Text: | Ressort: Allgemein, Musik | 19. Juni 2013

Na, da wird mir doch gleich so richtig warm ums Herz: Mehr als den Opener „In Fields“ brauche ich eigentlich nicht, um in saftige Euphorie auszubrechen – erst recht, wenn die folgenden fünf Stücke den ersten, wunderbaren Eindruck nachhaltig unterstreichen. Die Oldschool-Assoziationen, die der Bandname The Old Wind irgendwie nahelegen, werden fulminant unterstrichen. Step back in time. In jene Zeit, in der sich das musikalische Prinzip „Sludge“ noch an der wörtlichen Bedeutung orientierte, im Nachbarhaus außerdem noch das musikalische Prinzip „Noise“ wohnte, es bei der ganzen Geschichte eher um Dinge wie Intensität, Emotionalität, ja Nonkonformität ging und weniger um Flinkfingerigkeit, Muggertum und Schlaumeierei. Nein, ich bin kein großer Freund der Tatsache, dass im Nachbarhaus von „Post-Metal“ nunmehr „Progressive“ eingezogen ist. Prog ist überhaupt nicht meine Tasse Tee, in jeglicher Hinsicht – musikalisch, inhaltlich, ästhetisch. Deshalb Sonic Youth und nicht Rush. Und ich hatte es wirklich versucht, aber nach einem raumgreifenden Live-Mitschnitt der letzteren war mir schon als Teenager klar: Das geht überhaupt nicht mit mir und Rush. Wobei mir andersherum beim ersten Genuß eines wirklich sagenhaft rauschenden „Teen Age Riot“ (wegens der zahlreichen Kassetten-Überspielungen) klar war: Dies hier wird mein Leben verändern. Was es dann ja auch getan hat.

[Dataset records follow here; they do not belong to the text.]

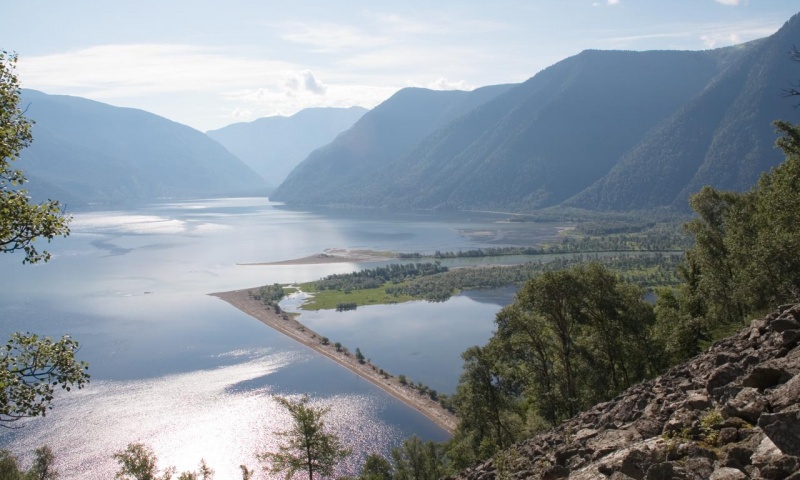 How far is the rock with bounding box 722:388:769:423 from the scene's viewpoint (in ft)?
26.5

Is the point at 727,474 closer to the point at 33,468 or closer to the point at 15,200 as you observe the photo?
the point at 15,200

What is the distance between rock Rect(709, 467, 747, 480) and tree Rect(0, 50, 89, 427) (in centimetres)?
945

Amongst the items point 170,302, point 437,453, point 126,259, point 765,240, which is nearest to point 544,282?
point 765,240

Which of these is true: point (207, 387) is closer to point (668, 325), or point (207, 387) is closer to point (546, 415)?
point (546, 415)

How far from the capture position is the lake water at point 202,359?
4506 centimetres

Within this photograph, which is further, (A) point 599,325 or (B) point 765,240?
(A) point 599,325

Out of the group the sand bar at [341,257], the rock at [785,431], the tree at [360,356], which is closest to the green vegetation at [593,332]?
the rock at [785,431]

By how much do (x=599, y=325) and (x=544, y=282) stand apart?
10.8 feet

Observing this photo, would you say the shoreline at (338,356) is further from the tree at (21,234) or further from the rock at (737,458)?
the rock at (737,458)

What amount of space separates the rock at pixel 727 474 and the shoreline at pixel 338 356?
119ft

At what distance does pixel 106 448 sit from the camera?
43.9 m

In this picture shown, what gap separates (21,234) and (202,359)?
5903 cm

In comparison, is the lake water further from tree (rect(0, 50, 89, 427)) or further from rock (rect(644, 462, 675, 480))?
rock (rect(644, 462, 675, 480))

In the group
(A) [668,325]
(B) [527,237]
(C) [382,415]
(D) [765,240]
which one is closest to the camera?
(D) [765,240] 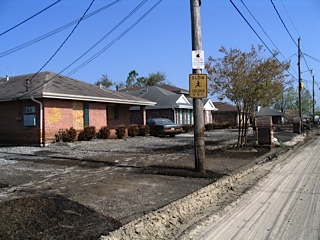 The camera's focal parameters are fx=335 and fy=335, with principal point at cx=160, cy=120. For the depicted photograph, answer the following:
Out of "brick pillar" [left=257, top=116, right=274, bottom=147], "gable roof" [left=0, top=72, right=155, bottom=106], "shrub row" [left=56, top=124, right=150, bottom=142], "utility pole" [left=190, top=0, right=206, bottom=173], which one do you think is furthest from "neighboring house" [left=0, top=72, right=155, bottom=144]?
"utility pole" [left=190, top=0, right=206, bottom=173]

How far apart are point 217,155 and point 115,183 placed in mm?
6700

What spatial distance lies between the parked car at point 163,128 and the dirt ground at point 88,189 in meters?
12.6

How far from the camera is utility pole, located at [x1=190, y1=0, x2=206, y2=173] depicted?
9.31 metres

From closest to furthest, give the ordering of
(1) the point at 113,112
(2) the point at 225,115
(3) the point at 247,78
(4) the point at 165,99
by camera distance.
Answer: (3) the point at 247,78, (1) the point at 113,112, (4) the point at 165,99, (2) the point at 225,115

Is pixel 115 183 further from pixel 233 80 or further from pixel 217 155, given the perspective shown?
pixel 233 80

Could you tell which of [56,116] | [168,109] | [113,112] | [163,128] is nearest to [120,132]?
[113,112]

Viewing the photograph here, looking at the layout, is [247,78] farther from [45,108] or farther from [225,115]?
[225,115]

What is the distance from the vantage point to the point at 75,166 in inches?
424

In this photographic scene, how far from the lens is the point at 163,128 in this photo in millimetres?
25766

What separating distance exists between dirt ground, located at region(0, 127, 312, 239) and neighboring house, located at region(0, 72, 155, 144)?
5891 millimetres

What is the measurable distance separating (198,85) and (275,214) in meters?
4.35

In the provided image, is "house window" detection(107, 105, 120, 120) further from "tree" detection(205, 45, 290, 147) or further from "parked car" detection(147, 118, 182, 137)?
"tree" detection(205, 45, 290, 147)

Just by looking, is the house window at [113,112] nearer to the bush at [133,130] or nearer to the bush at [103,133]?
the bush at [133,130]

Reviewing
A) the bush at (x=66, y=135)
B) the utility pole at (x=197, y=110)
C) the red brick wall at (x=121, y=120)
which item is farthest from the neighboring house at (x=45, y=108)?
the utility pole at (x=197, y=110) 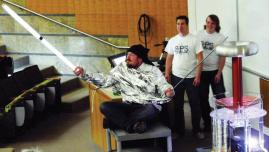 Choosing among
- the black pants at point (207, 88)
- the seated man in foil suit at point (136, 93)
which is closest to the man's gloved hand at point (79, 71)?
the seated man in foil suit at point (136, 93)

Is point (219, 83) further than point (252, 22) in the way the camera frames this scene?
Yes

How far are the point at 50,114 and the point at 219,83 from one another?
288cm

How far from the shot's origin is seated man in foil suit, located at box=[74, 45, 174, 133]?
4.96 metres

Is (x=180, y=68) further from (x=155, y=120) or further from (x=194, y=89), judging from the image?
(x=155, y=120)

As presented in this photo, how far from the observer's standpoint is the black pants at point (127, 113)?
193 inches

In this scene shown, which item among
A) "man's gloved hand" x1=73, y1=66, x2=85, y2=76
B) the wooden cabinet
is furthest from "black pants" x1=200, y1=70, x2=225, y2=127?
"man's gloved hand" x1=73, y1=66, x2=85, y2=76

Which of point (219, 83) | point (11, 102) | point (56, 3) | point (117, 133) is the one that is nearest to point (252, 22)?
point (219, 83)

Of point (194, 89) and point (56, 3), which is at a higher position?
point (56, 3)

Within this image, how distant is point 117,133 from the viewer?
15.9ft

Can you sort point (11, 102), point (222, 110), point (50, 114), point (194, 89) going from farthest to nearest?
point (50, 114) < point (11, 102) < point (194, 89) < point (222, 110)

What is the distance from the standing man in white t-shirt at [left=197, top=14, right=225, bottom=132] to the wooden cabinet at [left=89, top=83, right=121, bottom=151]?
48.0 inches

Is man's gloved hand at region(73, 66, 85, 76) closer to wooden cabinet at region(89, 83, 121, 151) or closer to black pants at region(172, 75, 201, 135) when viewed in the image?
wooden cabinet at region(89, 83, 121, 151)

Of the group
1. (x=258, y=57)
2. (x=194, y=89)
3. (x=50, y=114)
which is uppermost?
(x=258, y=57)

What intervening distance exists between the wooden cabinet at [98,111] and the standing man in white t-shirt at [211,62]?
1218mm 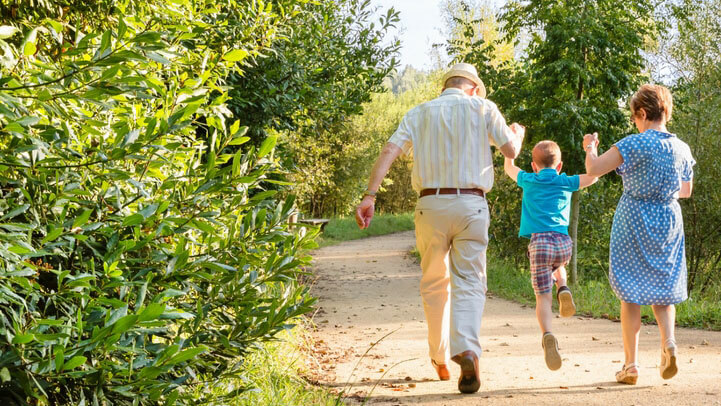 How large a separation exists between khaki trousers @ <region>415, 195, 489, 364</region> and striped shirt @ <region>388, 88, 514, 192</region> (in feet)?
0.50

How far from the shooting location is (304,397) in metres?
4.02

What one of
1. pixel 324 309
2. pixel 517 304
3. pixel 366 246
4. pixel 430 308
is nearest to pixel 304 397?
pixel 430 308

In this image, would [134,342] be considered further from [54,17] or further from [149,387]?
[54,17]

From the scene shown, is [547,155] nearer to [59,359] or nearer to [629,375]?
[629,375]

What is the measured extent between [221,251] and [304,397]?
160 cm

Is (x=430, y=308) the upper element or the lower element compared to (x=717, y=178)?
lower

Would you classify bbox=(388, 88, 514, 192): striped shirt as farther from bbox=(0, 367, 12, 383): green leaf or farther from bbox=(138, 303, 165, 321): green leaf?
bbox=(0, 367, 12, 383): green leaf

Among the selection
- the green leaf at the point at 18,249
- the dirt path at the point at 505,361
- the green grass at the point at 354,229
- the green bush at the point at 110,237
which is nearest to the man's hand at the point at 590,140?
the dirt path at the point at 505,361

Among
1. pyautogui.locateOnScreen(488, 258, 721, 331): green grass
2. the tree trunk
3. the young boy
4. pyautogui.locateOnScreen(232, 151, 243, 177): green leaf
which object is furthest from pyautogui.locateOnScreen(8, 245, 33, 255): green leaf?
the tree trunk

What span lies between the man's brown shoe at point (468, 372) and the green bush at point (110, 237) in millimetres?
1863

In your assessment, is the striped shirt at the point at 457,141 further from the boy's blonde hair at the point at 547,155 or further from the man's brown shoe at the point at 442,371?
the man's brown shoe at the point at 442,371

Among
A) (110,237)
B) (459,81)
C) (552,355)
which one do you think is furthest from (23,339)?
(459,81)

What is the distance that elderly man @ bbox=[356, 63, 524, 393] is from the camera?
462 cm

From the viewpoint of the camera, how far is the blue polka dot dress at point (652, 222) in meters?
4.59
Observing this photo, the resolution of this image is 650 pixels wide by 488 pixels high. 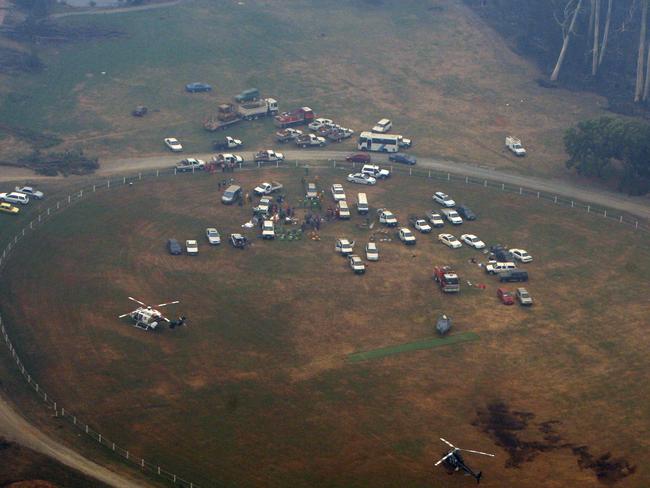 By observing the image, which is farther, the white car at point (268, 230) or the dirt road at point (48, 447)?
the white car at point (268, 230)

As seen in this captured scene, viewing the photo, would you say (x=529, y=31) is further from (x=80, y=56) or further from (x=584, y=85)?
(x=80, y=56)

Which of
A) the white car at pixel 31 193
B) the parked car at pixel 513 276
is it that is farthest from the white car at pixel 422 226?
the white car at pixel 31 193

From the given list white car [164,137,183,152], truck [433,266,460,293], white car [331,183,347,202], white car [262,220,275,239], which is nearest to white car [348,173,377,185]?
white car [331,183,347,202]

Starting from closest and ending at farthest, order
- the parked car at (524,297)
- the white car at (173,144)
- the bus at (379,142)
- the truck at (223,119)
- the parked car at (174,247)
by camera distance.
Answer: the parked car at (524,297) → the parked car at (174,247) → the white car at (173,144) → the bus at (379,142) → the truck at (223,119)

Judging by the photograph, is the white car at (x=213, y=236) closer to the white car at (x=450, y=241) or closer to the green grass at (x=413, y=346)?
the white car at (x=450, y=241)

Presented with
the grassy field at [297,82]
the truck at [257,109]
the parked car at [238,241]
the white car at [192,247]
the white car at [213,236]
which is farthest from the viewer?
the truck at [257,109]

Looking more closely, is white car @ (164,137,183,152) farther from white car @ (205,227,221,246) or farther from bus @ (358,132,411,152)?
white car @ (205,227,221,246)

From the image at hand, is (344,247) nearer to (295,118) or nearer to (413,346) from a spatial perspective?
(413,346)
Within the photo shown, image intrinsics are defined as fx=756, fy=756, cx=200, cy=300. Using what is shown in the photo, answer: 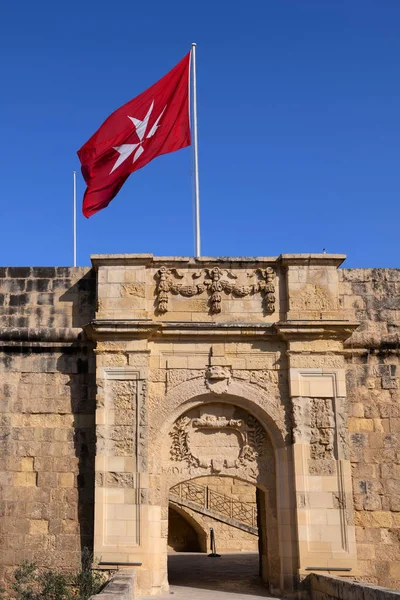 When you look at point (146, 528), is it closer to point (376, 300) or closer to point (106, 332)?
point (106, 332)

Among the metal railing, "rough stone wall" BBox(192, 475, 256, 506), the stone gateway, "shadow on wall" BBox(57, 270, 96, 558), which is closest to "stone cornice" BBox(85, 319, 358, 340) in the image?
the stone gateway

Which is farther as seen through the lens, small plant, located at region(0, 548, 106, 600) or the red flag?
the red flag

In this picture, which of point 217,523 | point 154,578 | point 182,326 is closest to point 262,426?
point 182,326

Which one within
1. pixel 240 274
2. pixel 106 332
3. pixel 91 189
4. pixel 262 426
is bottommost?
pixel 262 426

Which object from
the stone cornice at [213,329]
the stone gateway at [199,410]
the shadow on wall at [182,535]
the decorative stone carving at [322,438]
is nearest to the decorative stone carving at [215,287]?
the stone gateway at [199,410]

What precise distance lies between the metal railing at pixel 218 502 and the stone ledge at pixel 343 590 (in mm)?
8981

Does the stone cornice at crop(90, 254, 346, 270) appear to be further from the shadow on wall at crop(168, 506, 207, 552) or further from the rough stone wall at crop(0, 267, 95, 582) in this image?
the shadow on wall at crop(168, 506, 207, 552)

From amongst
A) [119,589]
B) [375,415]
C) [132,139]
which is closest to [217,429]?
[375,415]

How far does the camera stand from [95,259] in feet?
36.7

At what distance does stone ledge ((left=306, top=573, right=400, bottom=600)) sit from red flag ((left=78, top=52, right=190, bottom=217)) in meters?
6.20

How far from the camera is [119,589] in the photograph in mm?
7387

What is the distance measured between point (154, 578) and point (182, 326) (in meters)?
3.47

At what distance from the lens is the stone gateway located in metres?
10.4

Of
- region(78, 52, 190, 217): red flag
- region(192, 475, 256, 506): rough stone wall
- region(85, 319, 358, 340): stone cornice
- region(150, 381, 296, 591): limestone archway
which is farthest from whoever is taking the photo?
region(192, 475, 256, 506): rough stone wall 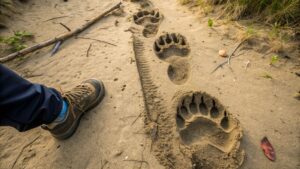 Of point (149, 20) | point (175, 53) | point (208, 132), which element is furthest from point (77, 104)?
point (149, 20)

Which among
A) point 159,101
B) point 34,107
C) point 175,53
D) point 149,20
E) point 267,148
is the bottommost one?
point 267,148

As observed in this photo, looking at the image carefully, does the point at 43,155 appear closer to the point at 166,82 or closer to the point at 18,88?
the point at 18,88

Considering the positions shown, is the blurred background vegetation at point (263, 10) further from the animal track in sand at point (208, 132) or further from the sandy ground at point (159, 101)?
the animal track in sand at point (208, 132)

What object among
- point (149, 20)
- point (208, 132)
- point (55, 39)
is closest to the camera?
point (208, 132)

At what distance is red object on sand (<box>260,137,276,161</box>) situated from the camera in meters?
1.38

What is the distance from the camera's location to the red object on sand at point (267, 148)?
4.54ft

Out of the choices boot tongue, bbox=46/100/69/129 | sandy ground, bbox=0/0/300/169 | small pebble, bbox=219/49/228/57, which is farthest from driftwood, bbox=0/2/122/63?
small pebble, bbox=219/49/228/57

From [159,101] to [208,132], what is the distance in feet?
1.52

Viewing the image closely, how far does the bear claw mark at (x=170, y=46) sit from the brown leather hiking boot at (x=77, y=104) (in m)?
0.75

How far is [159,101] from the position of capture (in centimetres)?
174

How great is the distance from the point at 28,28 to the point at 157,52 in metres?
1.76

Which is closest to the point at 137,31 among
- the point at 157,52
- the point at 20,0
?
the point at 157,52

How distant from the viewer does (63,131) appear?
1.45 m

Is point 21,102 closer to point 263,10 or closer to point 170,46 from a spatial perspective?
point 170,46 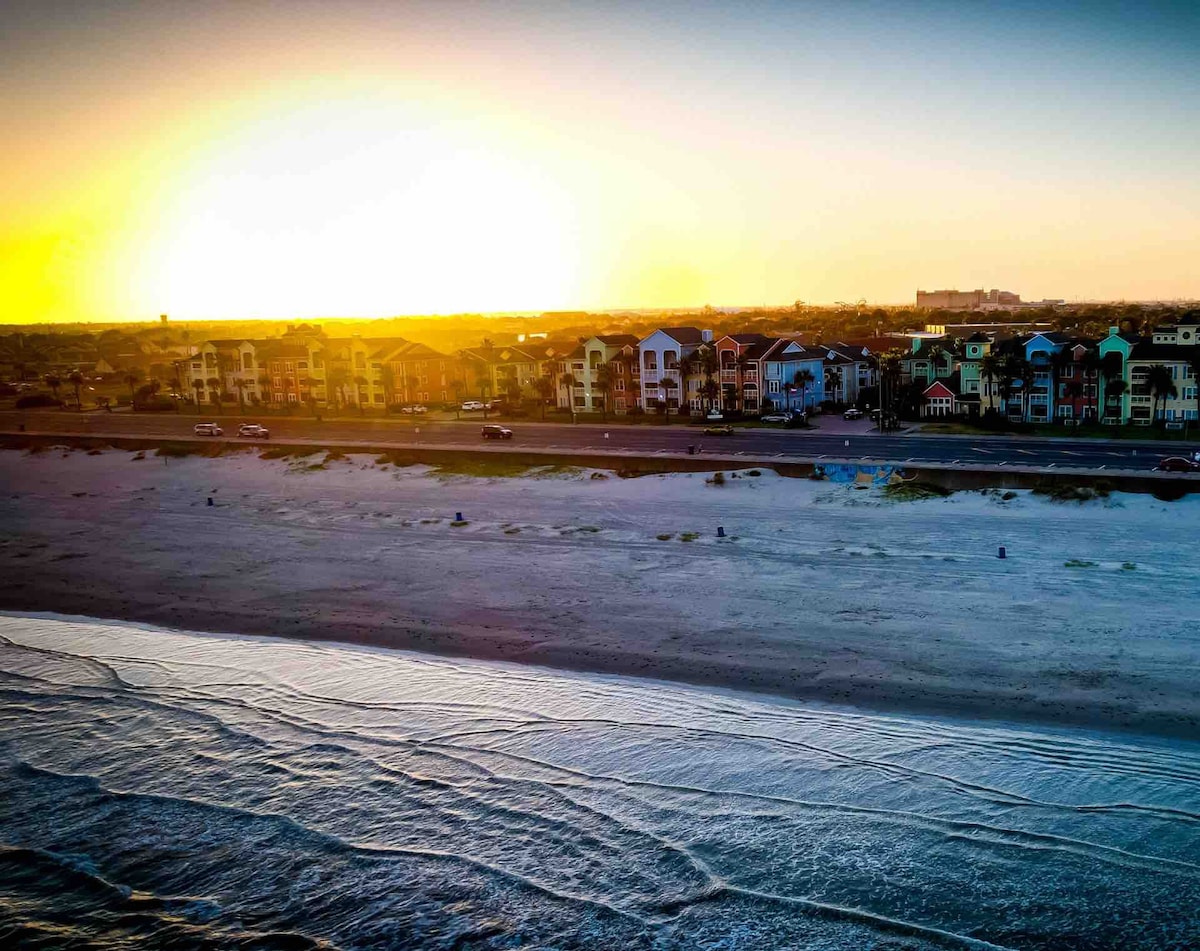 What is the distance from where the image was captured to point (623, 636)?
27094mm

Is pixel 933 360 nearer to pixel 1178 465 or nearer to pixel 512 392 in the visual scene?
pixel 1178 465

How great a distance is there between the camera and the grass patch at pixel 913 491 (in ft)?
139

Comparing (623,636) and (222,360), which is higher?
(222,360)

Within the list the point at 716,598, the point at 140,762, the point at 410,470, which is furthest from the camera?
the point at 410,470

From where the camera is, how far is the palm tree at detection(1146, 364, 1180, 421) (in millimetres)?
61344

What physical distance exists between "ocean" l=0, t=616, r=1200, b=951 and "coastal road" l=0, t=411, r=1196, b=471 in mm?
30402

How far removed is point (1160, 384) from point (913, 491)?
28.8 meters

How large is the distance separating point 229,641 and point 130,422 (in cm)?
6792

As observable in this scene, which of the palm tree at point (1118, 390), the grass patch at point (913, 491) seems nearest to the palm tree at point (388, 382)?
the grass patch at point (913, 491)

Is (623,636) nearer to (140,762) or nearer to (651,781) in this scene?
(651,781)

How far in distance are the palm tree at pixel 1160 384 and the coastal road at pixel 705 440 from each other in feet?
31.5

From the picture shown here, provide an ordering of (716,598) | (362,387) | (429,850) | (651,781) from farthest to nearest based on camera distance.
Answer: (362,387), (716,598), (651,781), (429,850)

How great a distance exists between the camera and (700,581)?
32094mm

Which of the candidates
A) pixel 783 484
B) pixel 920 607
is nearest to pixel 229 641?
pixel 920 607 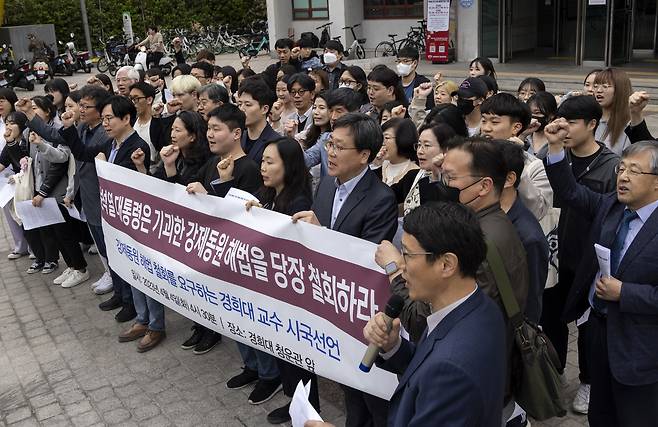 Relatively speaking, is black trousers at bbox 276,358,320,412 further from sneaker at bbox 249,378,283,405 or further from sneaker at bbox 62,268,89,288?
sneaker at bbox 62,268,89,288

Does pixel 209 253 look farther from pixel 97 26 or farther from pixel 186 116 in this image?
pixel 97 26

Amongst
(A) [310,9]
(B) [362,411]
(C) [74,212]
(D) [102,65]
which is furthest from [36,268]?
(D) [102,65]

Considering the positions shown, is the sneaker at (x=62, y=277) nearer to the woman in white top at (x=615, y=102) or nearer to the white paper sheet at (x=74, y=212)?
the white paper sheet at (x=74, y=212)

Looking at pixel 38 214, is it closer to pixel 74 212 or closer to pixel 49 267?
pixel 74 212

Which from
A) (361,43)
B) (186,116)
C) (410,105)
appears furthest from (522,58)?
(186,116)

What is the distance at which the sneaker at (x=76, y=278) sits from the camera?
645 cm

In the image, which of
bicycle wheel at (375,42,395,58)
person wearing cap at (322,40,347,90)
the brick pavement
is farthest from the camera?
bicycle wheel at (375,42,395,58)

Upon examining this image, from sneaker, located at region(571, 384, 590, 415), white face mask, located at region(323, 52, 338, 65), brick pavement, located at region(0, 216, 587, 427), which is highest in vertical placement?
white face mask, located at region(323, 52, 338, 65)

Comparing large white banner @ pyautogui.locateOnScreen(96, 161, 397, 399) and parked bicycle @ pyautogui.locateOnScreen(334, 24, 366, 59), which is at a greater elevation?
parked bicycle @ pyautogui.locateOnScreen(334, 24, 366, 59)

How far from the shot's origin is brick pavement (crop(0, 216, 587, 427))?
418cm

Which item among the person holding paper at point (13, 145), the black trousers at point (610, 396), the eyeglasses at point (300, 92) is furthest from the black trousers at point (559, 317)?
the person holding paper at point (13, 145)

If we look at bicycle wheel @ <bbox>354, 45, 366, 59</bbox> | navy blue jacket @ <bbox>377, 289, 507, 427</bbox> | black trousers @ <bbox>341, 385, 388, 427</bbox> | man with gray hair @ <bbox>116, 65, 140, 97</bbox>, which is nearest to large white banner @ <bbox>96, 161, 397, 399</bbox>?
black trousers @ <bbox>341, 385, 388, 427</bbox>

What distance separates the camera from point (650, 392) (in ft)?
9.77

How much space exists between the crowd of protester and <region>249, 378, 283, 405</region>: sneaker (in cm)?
2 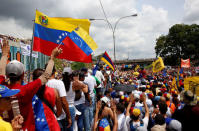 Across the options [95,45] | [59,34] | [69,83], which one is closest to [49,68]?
[69,83]

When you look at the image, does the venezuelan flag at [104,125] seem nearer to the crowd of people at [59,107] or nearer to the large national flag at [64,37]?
the crowd of people at [59,107]

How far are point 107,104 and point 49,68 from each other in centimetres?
174

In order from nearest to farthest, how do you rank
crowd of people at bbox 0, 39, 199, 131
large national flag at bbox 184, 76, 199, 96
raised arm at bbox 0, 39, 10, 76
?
crowd of people at bbox 0, 39, 199, 131
raised arm at bbox 0, 39, 10, 76
large national flag at bbox 184, 76, 199, 96

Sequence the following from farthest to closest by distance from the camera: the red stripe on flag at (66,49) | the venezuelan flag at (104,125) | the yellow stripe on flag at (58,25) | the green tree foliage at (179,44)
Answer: the green tree foliage at (179,44)
the yellow stripe on flag at (58,25)
the red stripe on flag at (66,49)
the venezuelan flag at (104,125)

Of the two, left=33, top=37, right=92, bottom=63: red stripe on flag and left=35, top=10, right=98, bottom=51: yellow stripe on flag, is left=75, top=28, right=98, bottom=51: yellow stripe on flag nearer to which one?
left=35, top=10, right=98, bottom=51: yellow stripe on flag

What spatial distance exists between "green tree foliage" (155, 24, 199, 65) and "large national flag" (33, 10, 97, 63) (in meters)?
49.9

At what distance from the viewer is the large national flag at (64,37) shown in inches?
158

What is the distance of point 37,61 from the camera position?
54.3m

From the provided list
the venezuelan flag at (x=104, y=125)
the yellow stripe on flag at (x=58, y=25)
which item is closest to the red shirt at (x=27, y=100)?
the venezuelan flag at (x=104, y=125)

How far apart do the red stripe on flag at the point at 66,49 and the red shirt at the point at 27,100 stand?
223 centimetres

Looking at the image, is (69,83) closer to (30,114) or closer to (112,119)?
(112,119)

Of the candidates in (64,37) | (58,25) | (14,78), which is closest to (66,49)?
(64,37)

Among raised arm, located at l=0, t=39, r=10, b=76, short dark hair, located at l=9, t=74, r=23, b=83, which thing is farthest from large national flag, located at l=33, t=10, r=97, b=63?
short dark hair, located at l=9, t=74, r=23, b=83

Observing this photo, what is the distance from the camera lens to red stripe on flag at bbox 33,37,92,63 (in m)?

Seltsame Sache also. Wie ein Musikstil, der sich auf die gleichfalls archaische wie repetive Ästhetik von Blues bezieht, auf das vorsätzlich Enervierende von Noise, das Verschleppende von Doom, auf die Wucht von Hardcore und das Ganze auch noch andickt mit dem unbedingten Willen zum soundtechnischen Overkill (ja, wir reden hier über Matsch), sich plötzlich im Kontext von „Progressive“ wiederfinden kann. Wie sich quasi durch das Hintertürchen eine Ästhetik etabliert hat, die auf Dinge wie „handwerkliches Können“ setzt oder „klassische Harmonien“. Auf Feingliedrigkeit bis hin zum sattsam bekannten Muggertum, auf sauberste Ausleuchtung bis in die kleinsten musikalischen Winkel und obendrein noch auf das Prinzip „Progression“ – wie saftig ich daran zu knabbern habe, hatte mir justament The Old Wind erst wieder so richtig klar gemacht. Dass ich dem Prog-Metal, der mir mittlerweile recht oft und gerne unter dem Deckmantel Sludge schmackhaft gemacht werden soll, nicht immer wirklich viel abgewinnen kann. Um es mal auf den Punkt zu bringen: „Yellow & Green“ und „The Hunter“ sind ja ganz nette Platten, wenn ich aber richtig abgehen will, dann sollte es schon eher „Feast On Your Gone“ sein. Eben wegen der Punkte Intensität, Emotionalität, Nonkonformität (wegen mir zu ergänzen um Aggressivität, Wucht, Wut, Verletzlichkeit, Verzweiflung usw. usf.), die hier auf etwas mehr als 36 Minuten aber mal so etwas von auf den Punkt gebracht werden. Bands wie Mastodon und Baroness wandeln auf zunehmend schmaler werdenden Graten, von dem beide durchaus auch mal abstürzen. Sowohl die „Yellow & Green“-Veröffentlichung als auch „Crack The Skye“ haben so ihre Momente, bei denen ich konsequent weiter skippe und sich mir jedes Mal aufs Neue die Frage stellt, ob es wirklich die ganzen 75 bzw. 50 Minuten Spielzeit gebraucht hätte.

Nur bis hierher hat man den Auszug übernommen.